_Exercise input_.
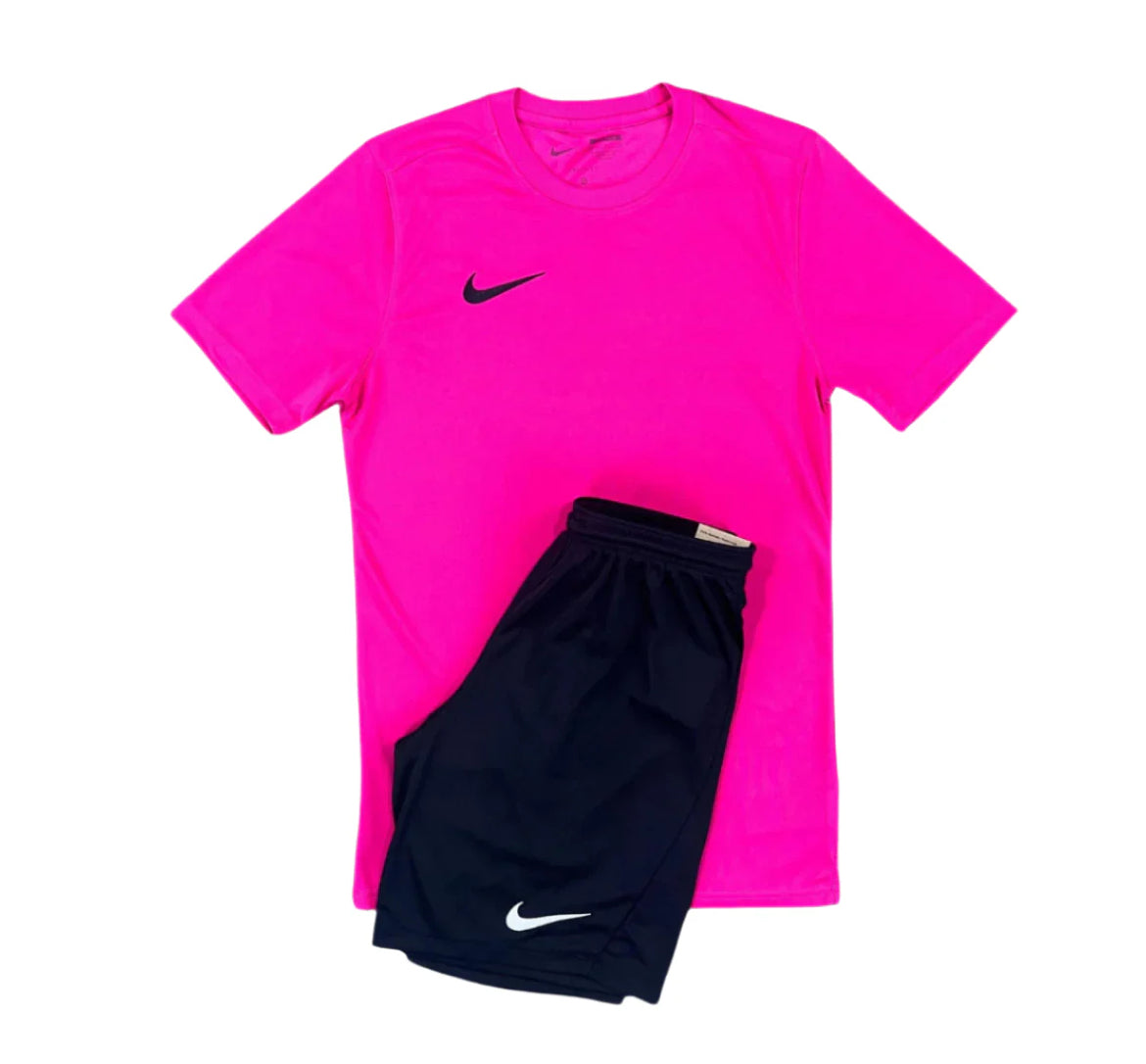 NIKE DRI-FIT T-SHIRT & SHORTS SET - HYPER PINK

* * *

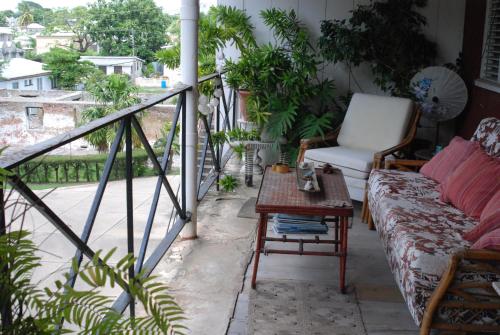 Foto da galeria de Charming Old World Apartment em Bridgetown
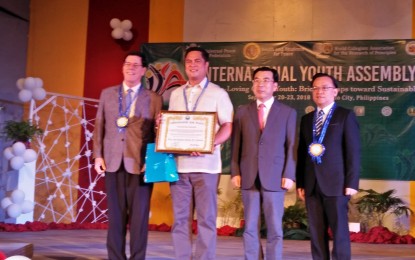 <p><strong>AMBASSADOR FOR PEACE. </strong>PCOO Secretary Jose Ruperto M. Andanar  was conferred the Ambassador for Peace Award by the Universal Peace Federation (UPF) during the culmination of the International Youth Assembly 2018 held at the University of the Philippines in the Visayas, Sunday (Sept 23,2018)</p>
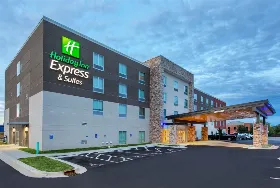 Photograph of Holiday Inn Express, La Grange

==

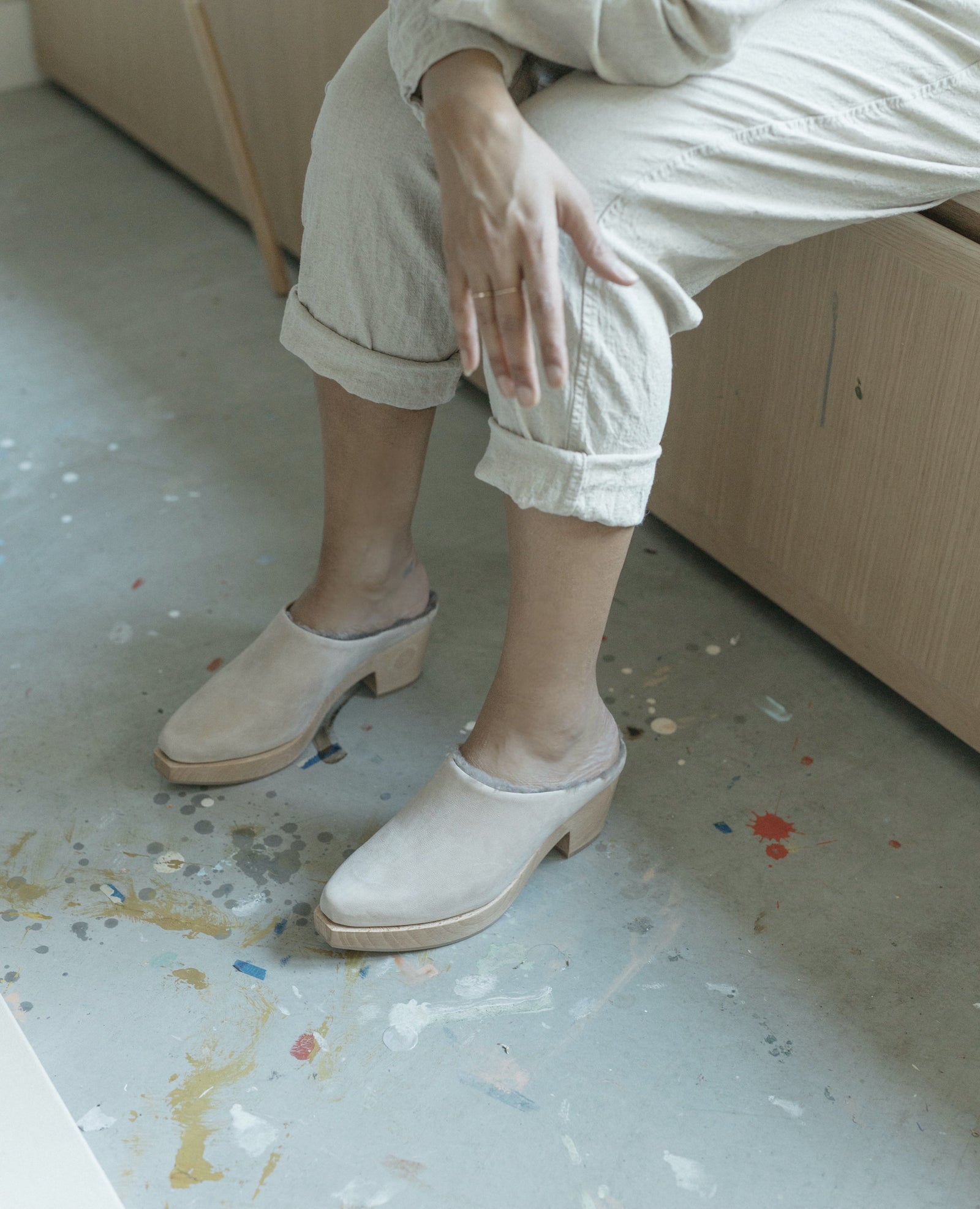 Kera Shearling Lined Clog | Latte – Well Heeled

_Your goal_. In the data above, start at the line holding "Foto da galeria" and stop after the line holding "Photograph of Holiday Inn Express, La Grange"; write out those lines exactly, without pictures.

_Answer area_.
 Foto da galeria de Charming Old World Apartment em Bridgetown
 <p><strong>AMBASSADOR FOR PEACE. </strong>PCOO Secretary Jose Ruperto M. Andanar  was conferred the Ambassador for Peace Award by the Universal Peace Federation (UPF) during the culmination of the International Youth Assembly 2018 held at the University of the Philippines in the Visayas, Sunday (Sept 23,2018)</p>
 Photograph of Holiday Inn Express, La Grange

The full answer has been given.